И эти образы, и все дальнейшие, которые я мог бы вспомнить и/или вообразить, отражают мои личные жизненные, художественные, интеллектуальные впечатления. Они отражают также особенности моего сознания, ту меру способностей, которая мне дана в обращении со зрительными представлениями. Например, хотя мне кажется, что я ясно «вижу» многие их этих картин, я не мог бы их нарисовать; мне не дано знать, чем мое «видение» отличается от образных представлений человека, способного воплотить на бумаге картину, предстающую его внутреннему зрению. Совершенно очевидно, что у любого другого говорящего по-русски слово ’трава’ вызовет несколько иной ряд конкретных образов-картин, иначе сформированных и окрашенных в соответствии с собственным опытом и личными перцептивными способностями. Никакое описание не способно воссоздать эти образы в их полной зрительной конкретности, какими они являются в моем представлении; соответственно, у меня нет никакой возможности проникнуть в аналогичный образный мир другого человека. Любое словесное описание или рисунок способны дать лишь очень приблизительное и заведомо стилизованное изображение того, что возникает в сознании данной личности в качестве образной реакции на то или иное выражение со словом ’трава’. Даже если бы я мог непосредственно показать своему собеседнику тот конкретный пейзаж, который послужил источником одного из моих образных представлений, — например, тот угол двора возле стены, — этот пейзаж получил бы в его сознании совсем иное отображение и занял бы в его образном мире иное место.
Я намеренно начал с наиболее простого и очевидного примера.

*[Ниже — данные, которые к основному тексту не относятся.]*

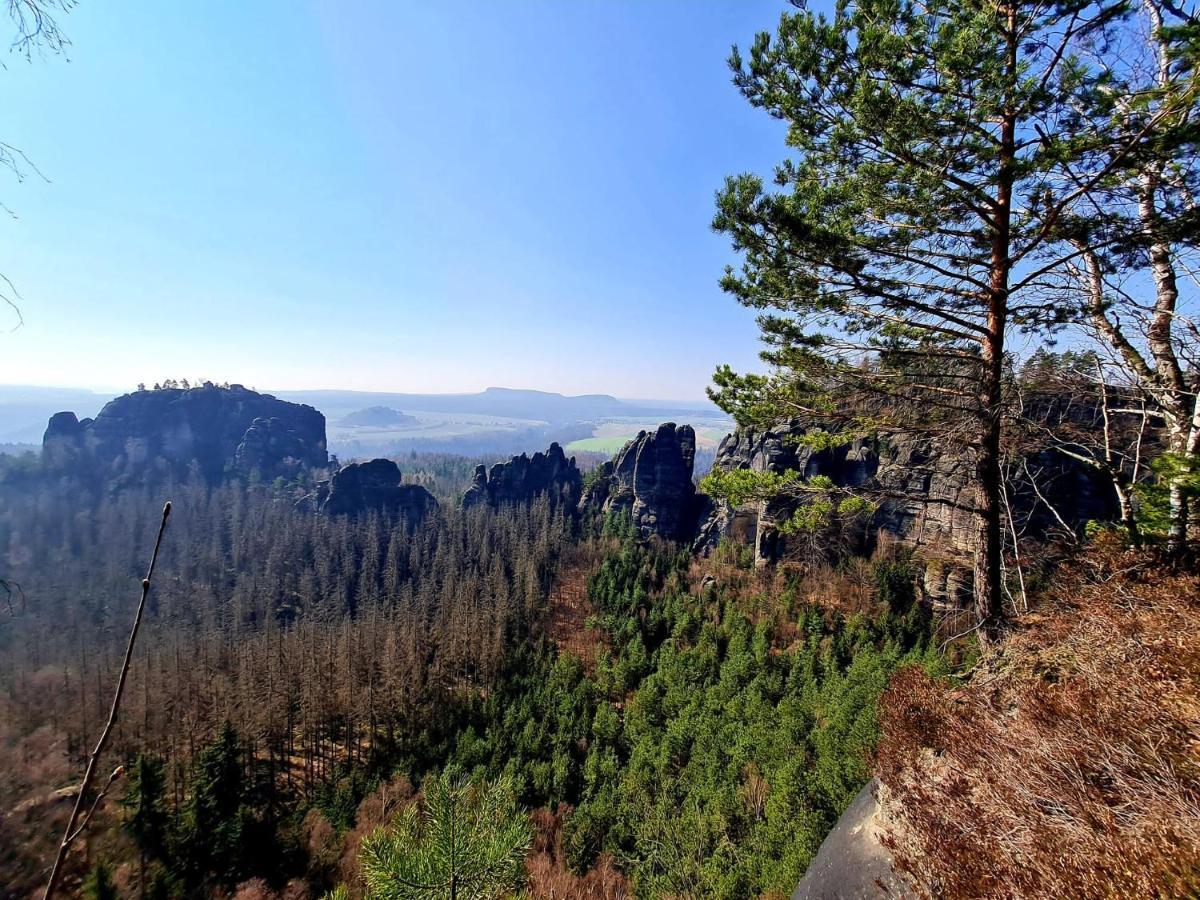 Villa Arizona Bad Schandau Εξωτερικό φωτογραφία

Слово ’трава’ обозначает материальный предмет, имеющий характерный зрительный облик. Каждый из нас встречался бесчисленное количество раз и с самим этим предметом в действительности, и с его художественными отображениями — в живописи, кино, поэтических картинах. Неудивительно, что, встречаясь в нашей языковой деятельности с этим словом, мы с легкостью вызываем в представлении подходящий зрительный образ, подсказываемый памятью или воображением. Это простейший вид образного отклика, заключающийся в том, что в представлении говорящего возникает конкретная картин а, в которой он непосредственно «узнает» предмет, обозначенный вызвавшим этот отклик словом или целым выражением. Но в каком смысле возможно, и возможно ли вообще, говорить об образном представлении слов и выражений, обозначающих абстрактные понятия, качества, действия? Чтобы понять, как это происходит, необходимо не упускать из виду свойства языкового материала, отзывами на который служат образные представления.